6.8
Sun Coming Down
Ought
Montreal quartet Ought have gone through some changes since hitting the ground running with their much-acclaimed 2014 debut, More Than Any Other Day. Most noticeably, their frontman has legally swapped his name from Tim Beeler to Tim Darcy (the latter being his mother’s maiden name). As far as the band’s wiry push-and-pull goes, newly delivered sophomore LP Sun Coming Down is itself an evolution, presenting a band continuing to carve out their post-punk path.
Opener “Men for Miles” is a kinetic wonder– a forceful, tinder-crackling rave-up driven by the spark of an off-kilter keyboard line that ultimately immerses listeners in a blaze of distorted guitars and Darcy’s manic vocal ticks. Full of character, the frontman-guitarist bounces from faux-Brit sneers into fat-tongued crooning with such conviction that it may well bring, as he warbles over-and-over, a “tear to your eye.” But despite the fiery rumble of drums and hot-wired feel, at nearly six minutes long it begins to lose steam somewhere in the back-half’s extended instrumental jam.
It’s a fitting conclusion to the track, serving to underscore the rest of the album’s similarly misshapen aesthetic. Though a press release suggests Ought resists “overhyped dynamics,” the record’s “On the Line” features start-stop pacing pushed to its extreme. Maneuvering itself awkwardly from a slow and methodical art rock assemblage of violin drones, tri-tone keyboards and reedy cries into its jittery chorus, the piece’s tension is derived more from its cobbled presentation than its volume shift.

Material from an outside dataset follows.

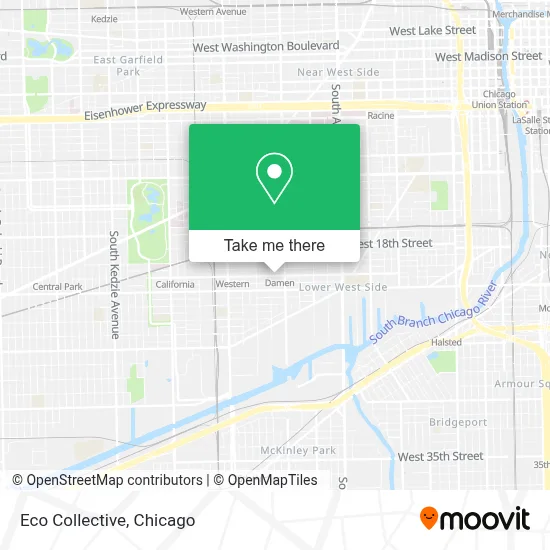 Eco Collective map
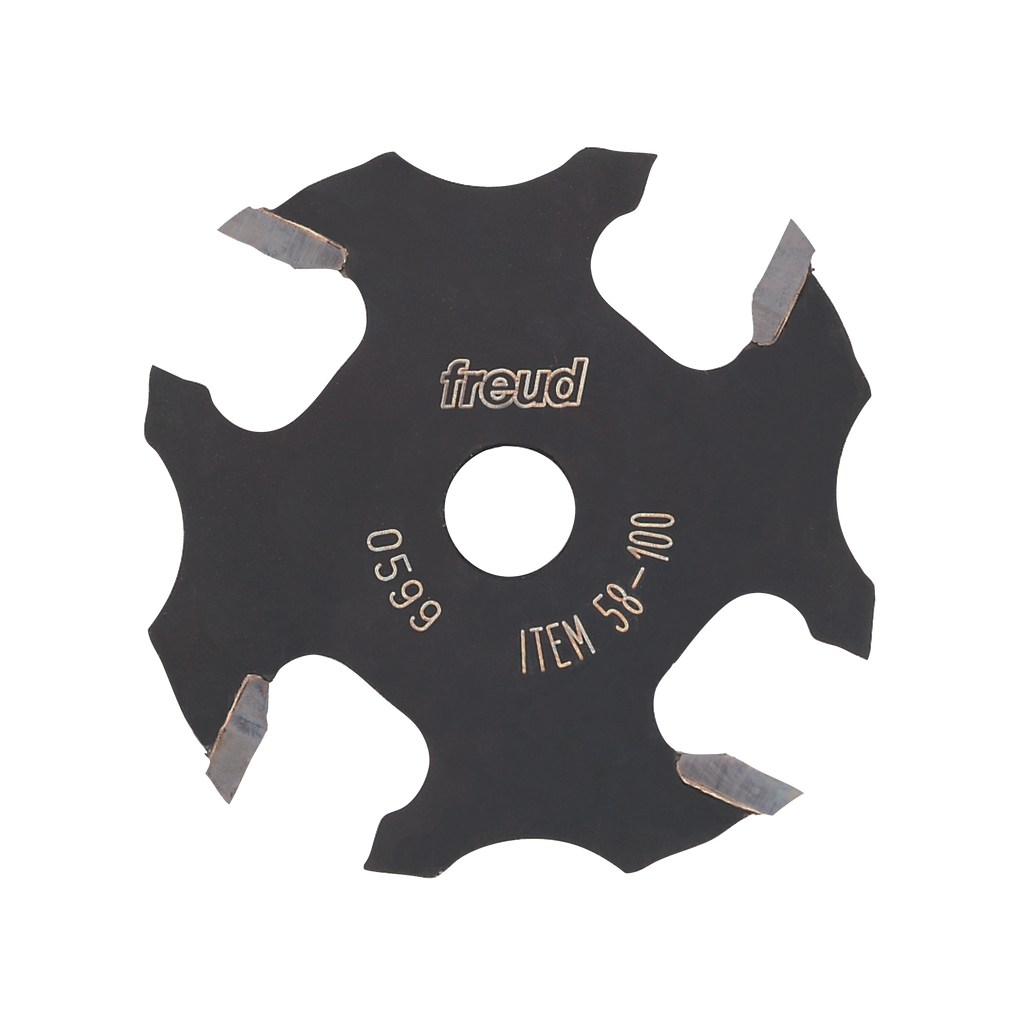 Freud Industrial Carbide Four Wing Slotting Cutter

The almost excellent “Celebration” is a sweaty exploration that conjures Factory Records by way of a B-52s dance party, but it too loses the plot in a mid-song break down led by an askance and laissez-faire couplet of “All right, I’ll take it/Ok, let’s do it.” Its fall apart does, however, dovetail into an anxiety-affected group of lines (“These situations can be such a drag”), so the shift seems to fit, at least narratively.

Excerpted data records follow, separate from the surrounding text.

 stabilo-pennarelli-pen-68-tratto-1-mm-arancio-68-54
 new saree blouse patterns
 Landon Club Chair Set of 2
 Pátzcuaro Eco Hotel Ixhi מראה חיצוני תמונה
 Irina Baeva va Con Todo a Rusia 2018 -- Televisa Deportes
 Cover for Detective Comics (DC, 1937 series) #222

But across an album full of meandering moments, it’s actually Sun Coming Down’s longest song that gives fans the biggest pay off. “Beautiful Big Sky” isn’t overly concerned with 0-to-60 time shifts, instead choosing to unfold itself across its nearly eight minute runtime with the simple repetition of two chords and a no-nonsense backbeat. This slow-boiling arrangement sits beneath Darcy’s dire visions of what’s surrounding us : “War Plane/Condo/Oil Freighter/New Development.”
Interestingly, the banality of small talk is used as a coping mechanism against these stress cracks in our day-to-day. Darcy actually gets more and more excited in the song as he rattles off a series of mundane musings on the weather and simple, supermarket lineup conversation starters (“How’s the church? How’s the job? How’s the family?”). The song is as bitterly humorous as it is heartbreaking with its approach to the human condition. At its most positive, though, it suggest that even if the sun is coming down, we still have that big beautiful blue sky.